As you see in the array of rotors in this photo (pretty freaking arty, too, huh?!?!?), there are both center lock and 6 bolt rotors, and there are one piece and 2 piece rotors. And there are solid rotors and rotors with all sorts of crazy cutouts.
6 bolt rotors can come in one or two piece types. One piece rotors are obviously the easiest and cheapest to make. You cut a flat plate into shape and you're done. A 2 piece rotor has that operation, plus you need to make the carrier core, and then you need to attach the two. So more expensive to make, and therefore more expensive to buy.
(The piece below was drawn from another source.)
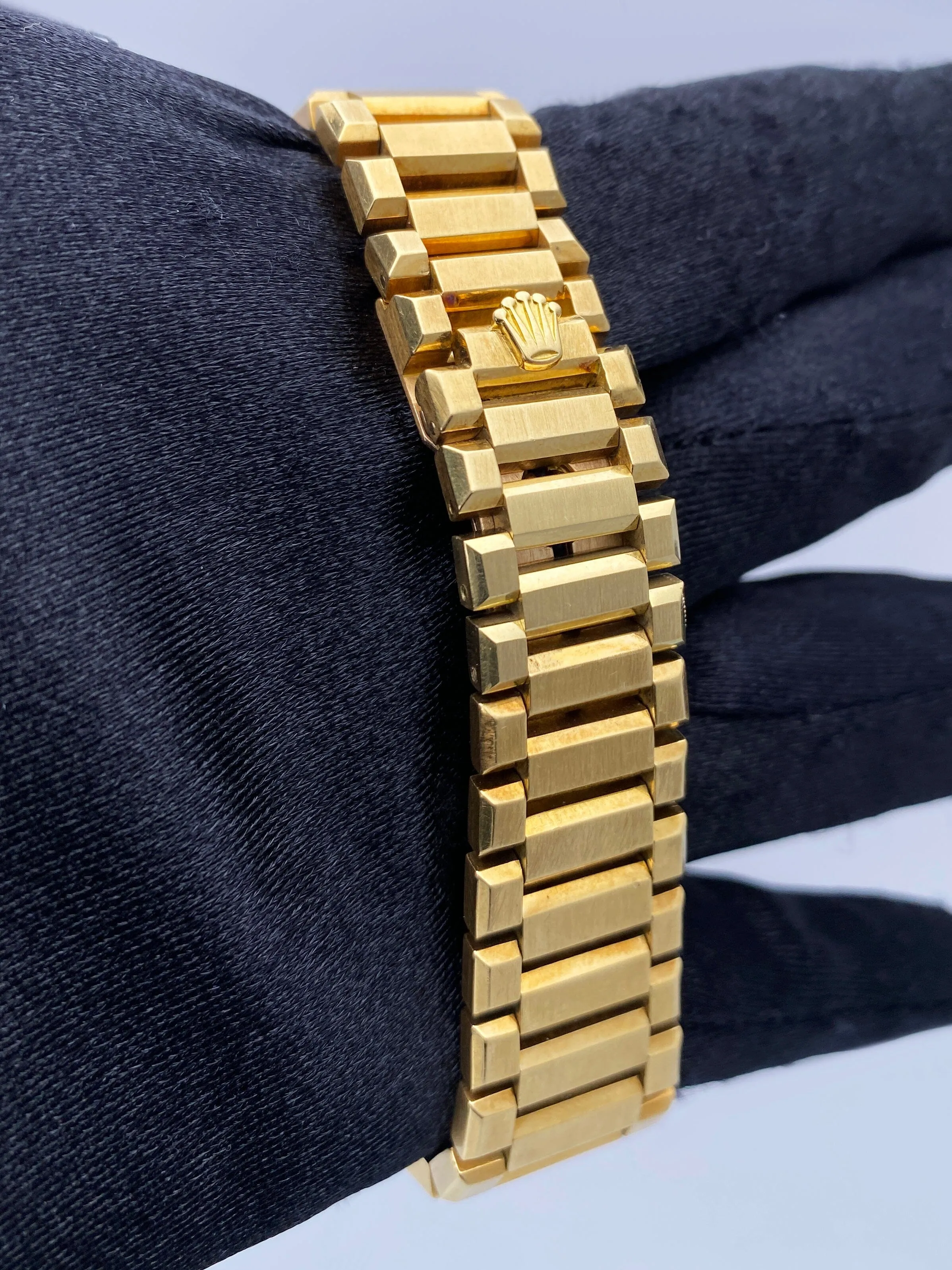 Rolex Datejust Oysterquartz 5100 18K Yellow Gold Mens Watch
2 piece rotors have several benefits. Lighter weight is not among them - they're a bit heavier. The otherwise-the-same Avid one and two pice rotors from this photo have a 30g difference between them (I KNOW - criminal!!). So why would I choose for myself and recommend the two piece? Two piece rotors are stiffer and less likely to warp. The carrier is a stiffer structure than the simple plate and it provides better support to the business end of the rotor. I'm sure at some level there's also a detectable difference in braking power/modulation/things-that-don't-have-established-vocabulary-around-them aspects. Two piece are also better at shedding heat. The aluminum carrier core is a better heat sink than steel plate.
The Ultegra rotor in the photo (the one that looks unlike any of the others) is sort of a special beast. The large fins that you see between the carrier and rotor actually get sandwiched between the rotors two layers of steel. This is designed to be a high speed conduit for heat to get out of the rotor and onto the fins, where it will be dissipated quickly. Really good design, and if you are doing big technical descents, worth having.
Then there are different rotor materials. I'm no metallurgist, but when one rotor says "use with resin pads only" then I am sure that the steel alloy used in that rotor is different, and not as good as the one that allows you to use either resin (aka organic) or metallic (aka sintered) pads. I know I wrote a post about the difference between the two at one point but can't find it. Anyway, metallic pads have more bite, are less likely to suffer brake fade in hard braking, and are generally less prone to noise and last longer, but that comes at some expense to the longevity of your rotor. In these "use with resin pads only" rotors, I guess that their what must be significantly softer metal gets the heck beaten out of it by metallic pads. So despite the lower cost, unless you are just toodling around town on your bike in a way that I think few people are doing with our wheels, the "resin pad only" rotors are a bad look and a false economy.
And that's what I have to say about that.